Required work> The answer must give back every line of the data exactly, with no pictures.

Exercise data>
-- -- --

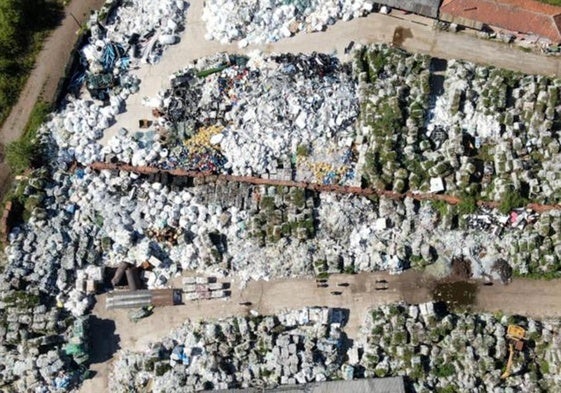 Una empresa de Almería, tapadera de una organización criminal dedicada al tráfico internacional de basura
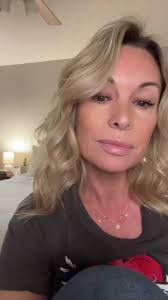 Christina Niles's Instagram, Twitter & Facebook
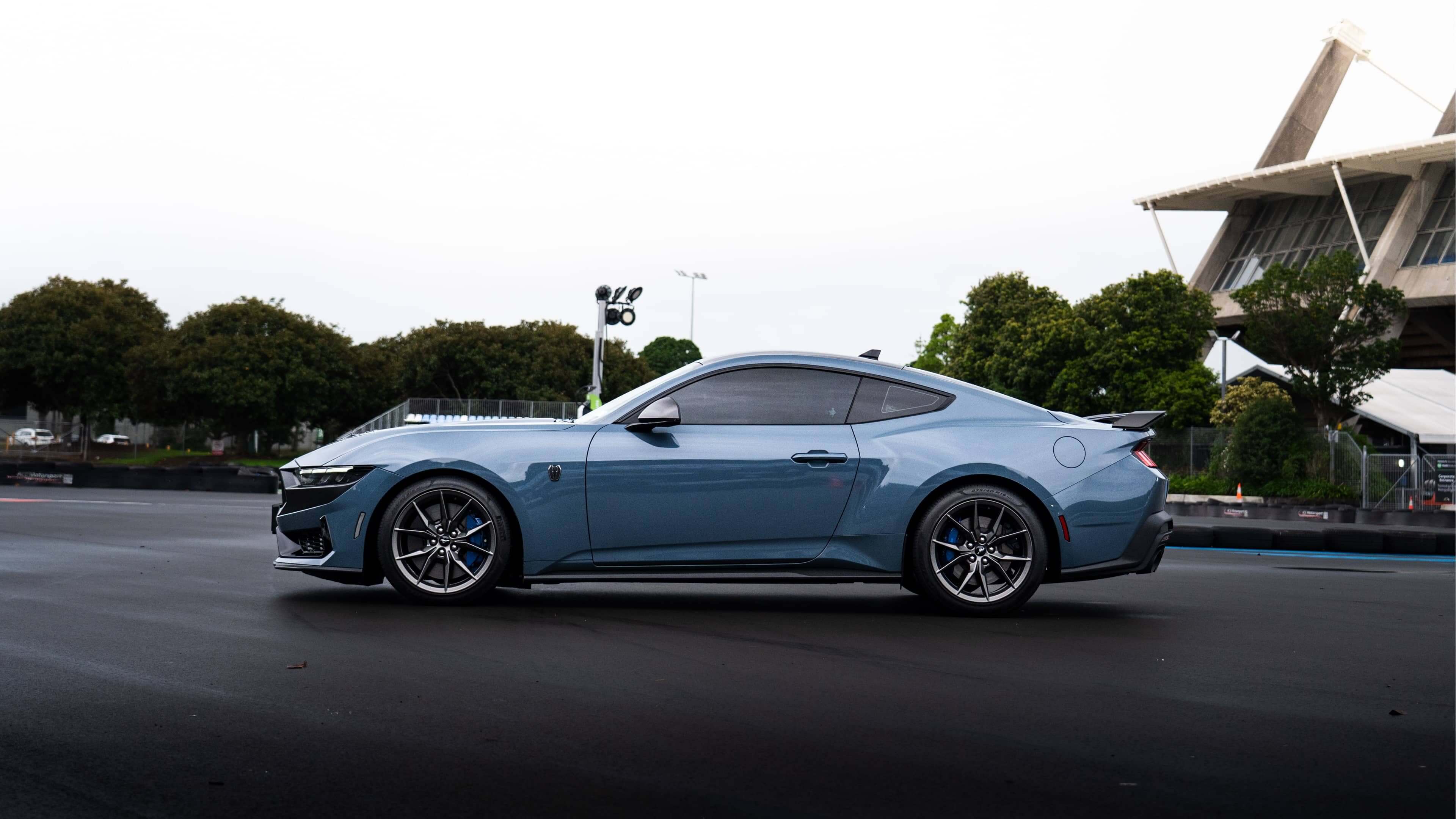 Mustang Dark Horse - Image 2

-- -- --

Result of this exercise>
 Una empresa de Almería, tapadera de una organización criminal dedicada al tráfico internacional de basura
 Christina Niles's Instagram, Twitter & Facebook
 Mustang Dark Horse - Image 2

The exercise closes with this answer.